In May 2018 Magnit hired Olga Naumova as CEO. As from 26 June 2019, Jan Dunning serves as Magnit's CEO (succeeding Olga Naumova, who left the company in the second quarter of 2019). Dunning also holds the office of the chain's President, having been appointed on 17 January 2019.

== In-house production facilities ==
During the 2015 International Investment Forum in Sochi, Magnit signed an investment agreement for development of an industrial park in Dorozhny village in Krasnodar Krai. The park would cover over 236 hectares and have more than 20 tenants, with the amount of investment planned until the end of 2020 totaling at over 40 billion rubles. In 2018, operations began at the first production facility – Kubanskiy Kombinat Khleboproduktov (Russian: "Кубанский комбинат хлебопродуктов" – Kuban Cereal Products Factory), one of the largest of its kind in Russia. Its output would cover up to 60% of the chain's demand for pasta, bread, and bakery products.

== Staff ==
According to Forbes, Magnit is one of the largest Russian employers, with over 280 thousand employees as of 2017, in 2021 Magnit became one of the largest Russian employers (the number of employees was about 316,000 people, the average salary according to the company in 2020 is 38,240 rubles).

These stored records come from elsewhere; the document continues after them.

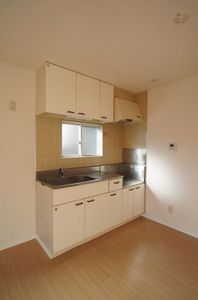 メゾン・ド・コルザ 201号-4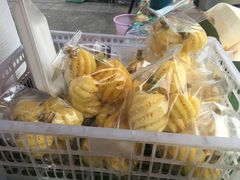 -芒果糯米饭摊子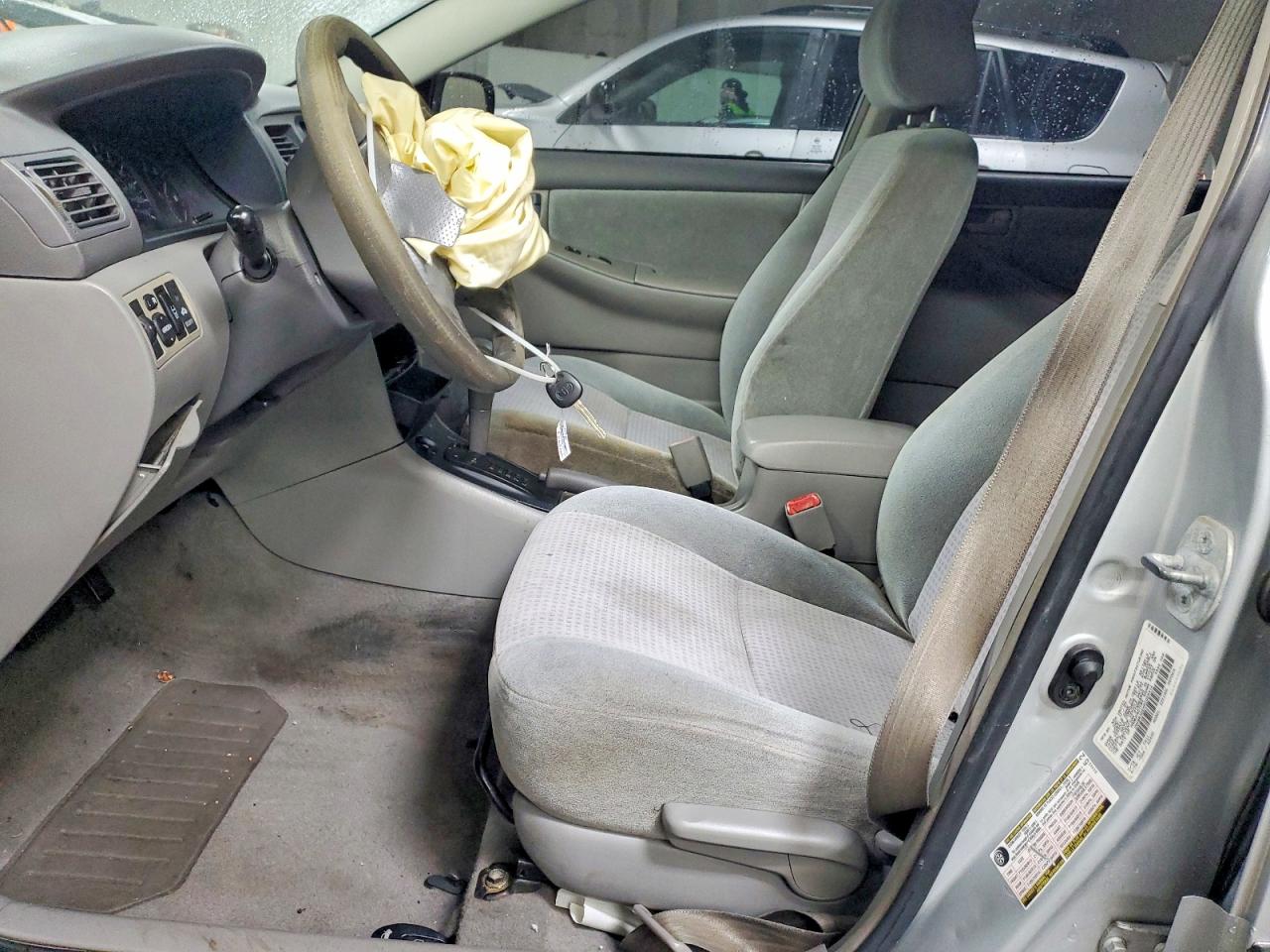 2008 TOYOTA COROLLA CE photo 7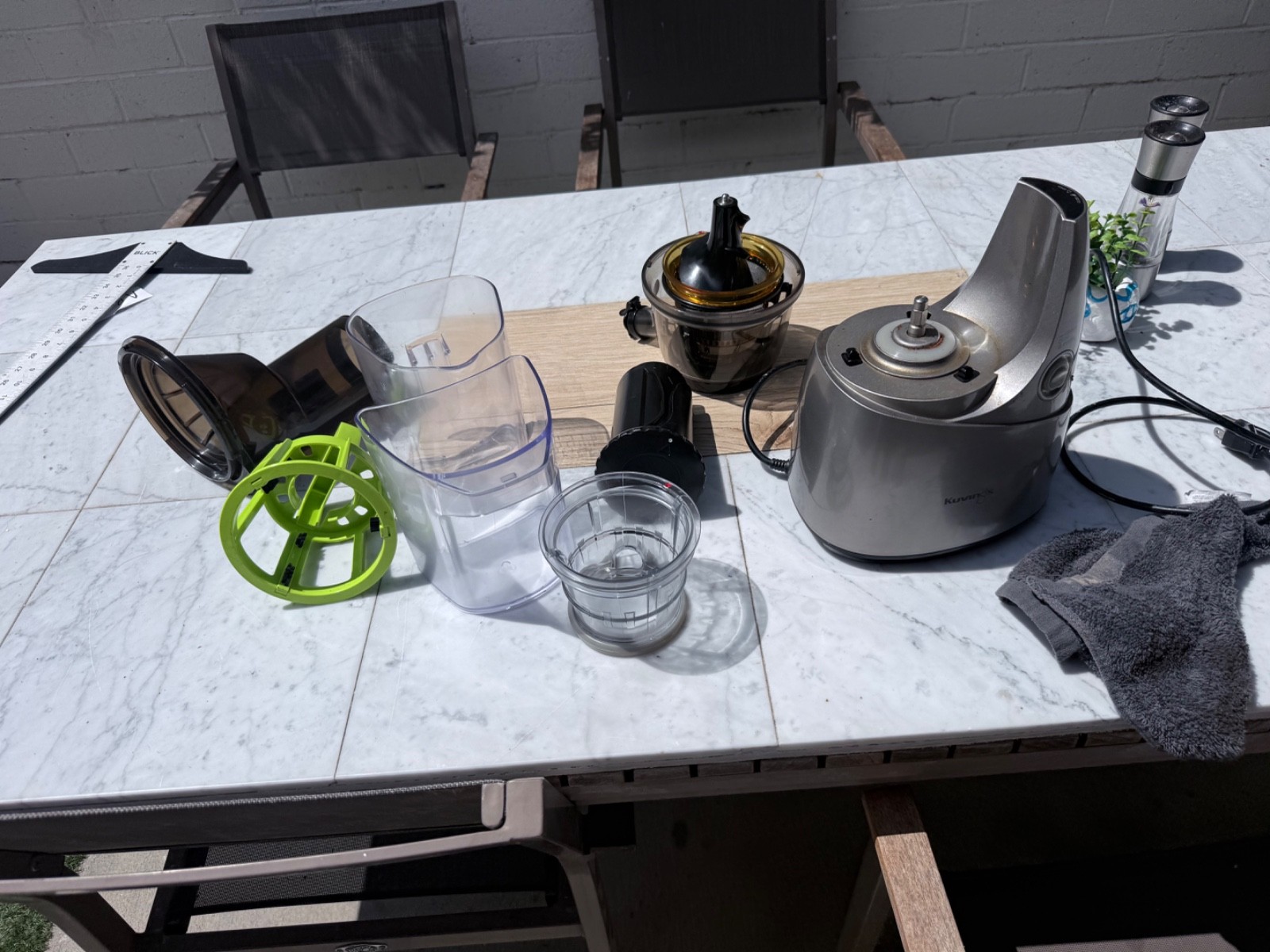 Kuvings Cold Press Whole Slow Juicer model : ULD-622NB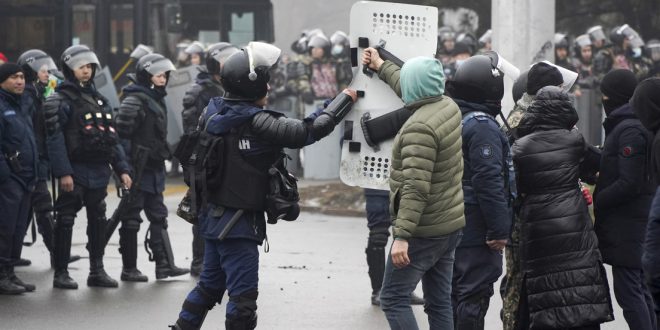 Manifestantes irrumpen en el ayuntamiento de Almaty, capital económica de Kazajistán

As of 26 July 2019, the company employs 300,000 employees. Of these, 78% are women and 22% are men.

In 2023, the company began a targeted recruitment of employees from other countries, including Uzbekistan, Kyrgyzstan, and India.

== Awards ==
From 2011 to 2018, Magnit received the title of "Attractive Employer" from the Superjob.ru award. In 2021, Magnit received platinum (the highest) status in the ranking of the best employers according to Forbes.